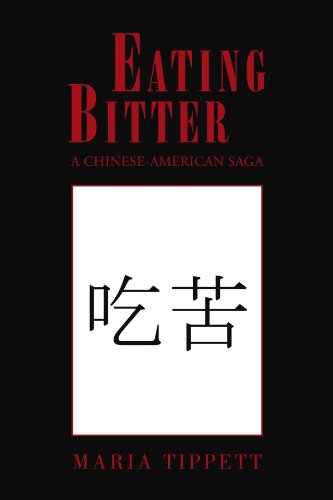 Stock image for EATING BITTER: A CHINESE-AMERICAN SAGA for sale by medimops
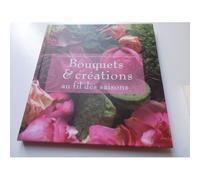 Bouquets Et Créations Au Fil Des Saisons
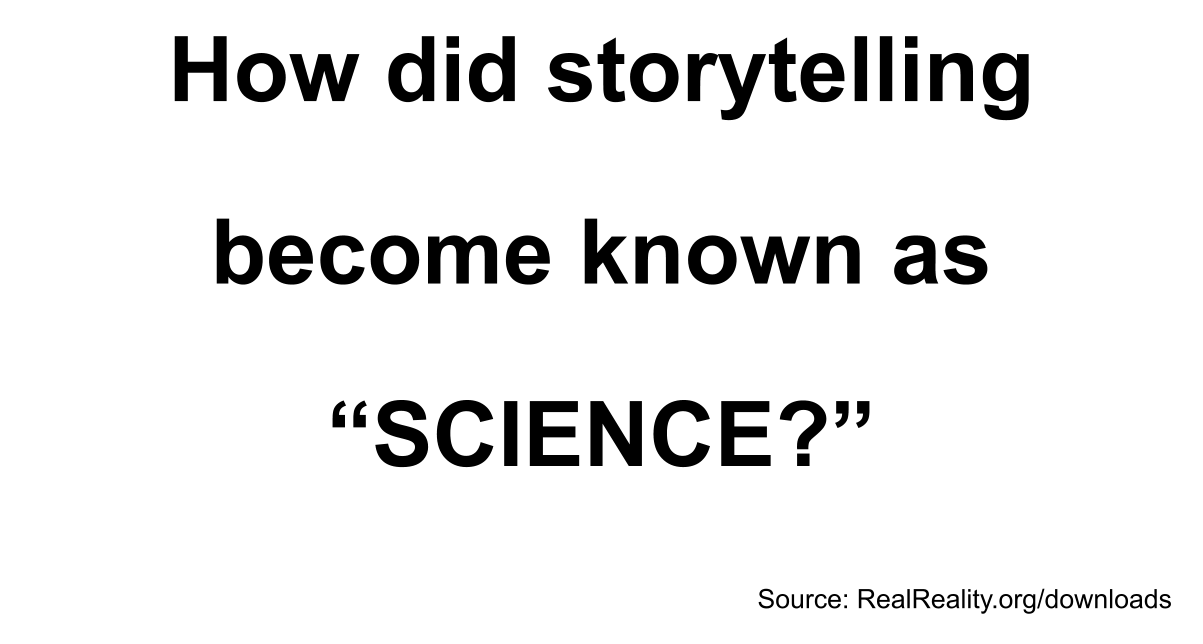 How did storytelling become known as "science?"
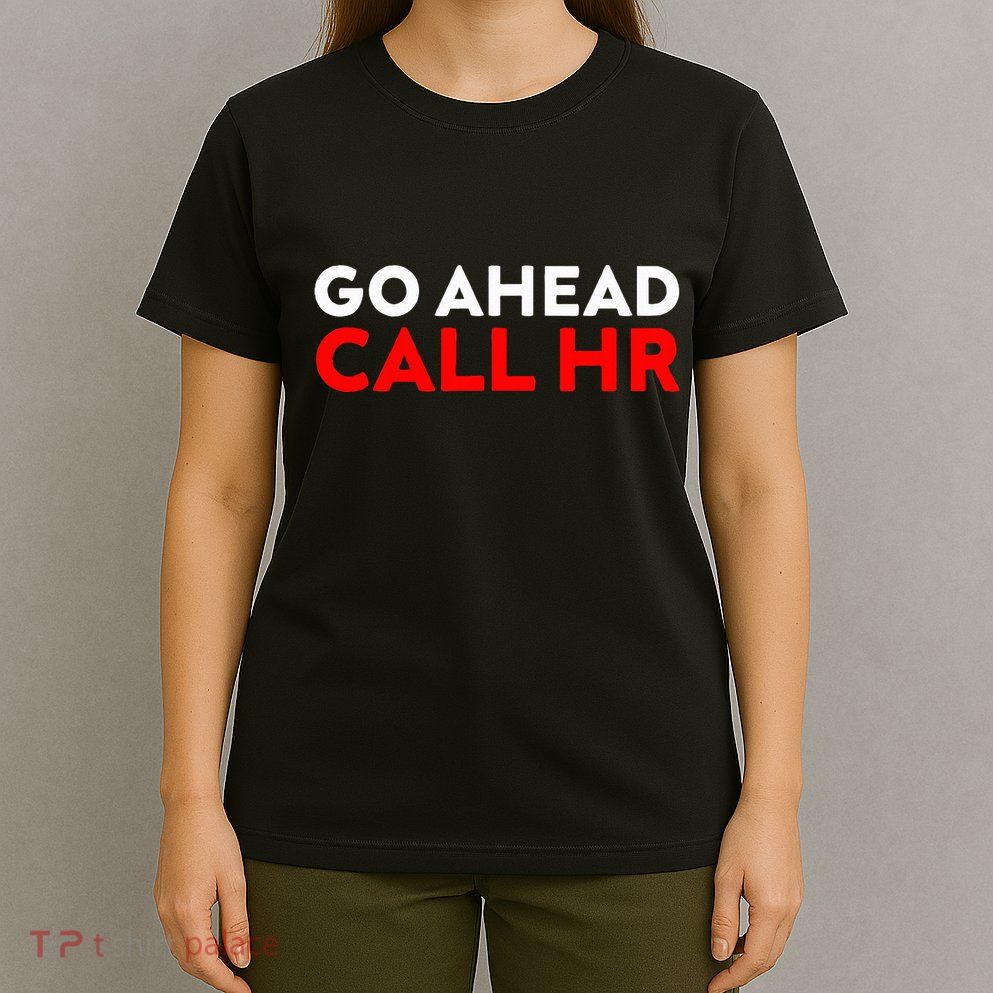 Go Ahead Call Hr Funny Sarcastic Quote Hr T-Shirt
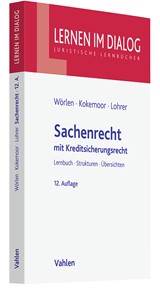 Abbildung von Wörlen / Kokemoor / Lohrer | Sachenrecht - mit Kreditsicherungsrecht | 12., überarbeitete und verbesserte Auflage | 2023 | beck-shop.de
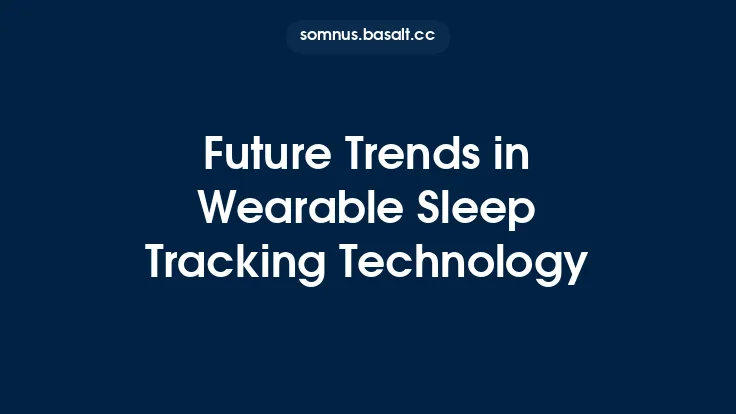 Future Trends in Wearable Sleep Tracking Technology Thumbnail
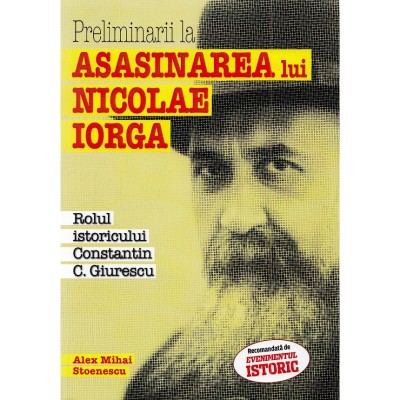 Preliminarii la asasinarea lui Nicolae Iorga - Alex Mihai Stoenescu foto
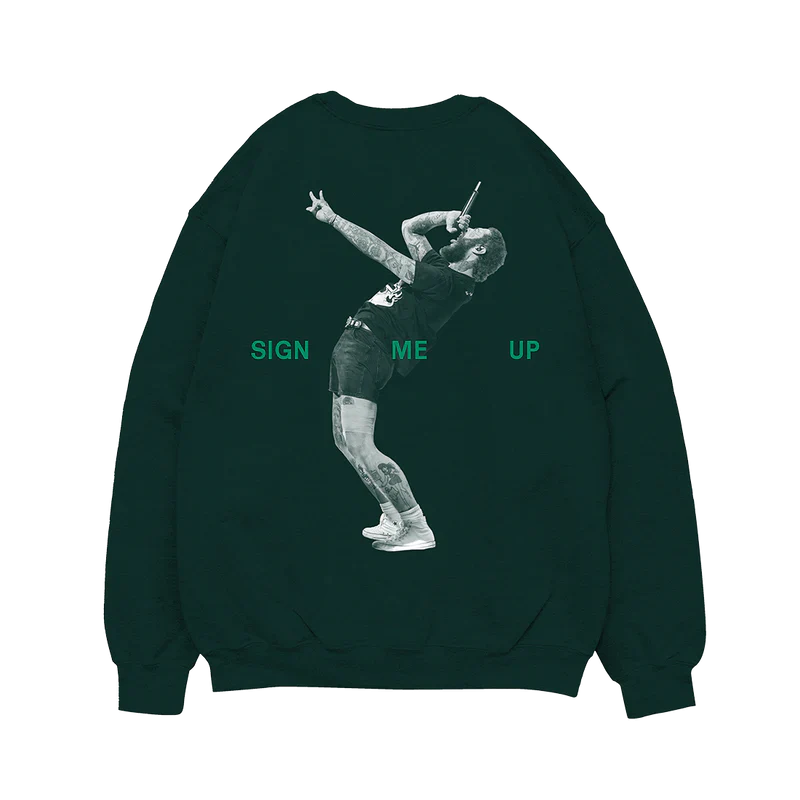 Post Malone Sign Me Up Crewneck front view featuring live performance portrait artwork and Sign Me Up text printed on a dark green heavyweight sweatshirt from the Austin album merchandise collection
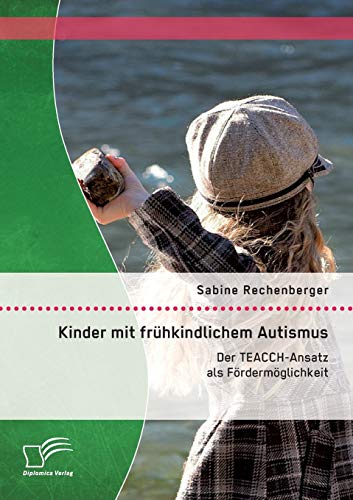 Beispielbild fr Kinder mit frhkindlichem Autismus: Der TEACCH-Ansatz als Frdermglichkeit zum Verkauf von medimops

========================================

> What to do
Every line above goes into your copy exactly; no images go in.

> Output
 Stock image for EATING BITTER: A CHINESE-AMERICAN SAGA for sale by medimops
 Bouquets Et Créations Au Fil Des Saisons
 How did storytelling become known as "science?"
 Go Ahead Call Hr Funny Sarcastic Quote Hr T-Shirt
 Abbildung von Wörlen / Kokemoor / Lohrer | Sachenrecht - mit Kreditsicherungsrecht | 12., überarbeitete und verbesserte Auflage | 2023 | beck-shop.de
 Future Trends in Wearable Sleep Tracking Technology Thumbnail
 Preliminarii la asasinarea lui Nicolae Iorga - Alex Mihai Stoenescu foto
 Post Malone Sign Me Up Crewneck front view featuring live performance portrait artwork and Sign Me Up text printed on a dark green heavyweight sweatshirt from the Austin album merchandise collection
 Beispielbild fr Kinder mit frhkindlichem Autismus: Der TEACCH-Ansatz als Frdermglichkeit zum Verkauf von medimops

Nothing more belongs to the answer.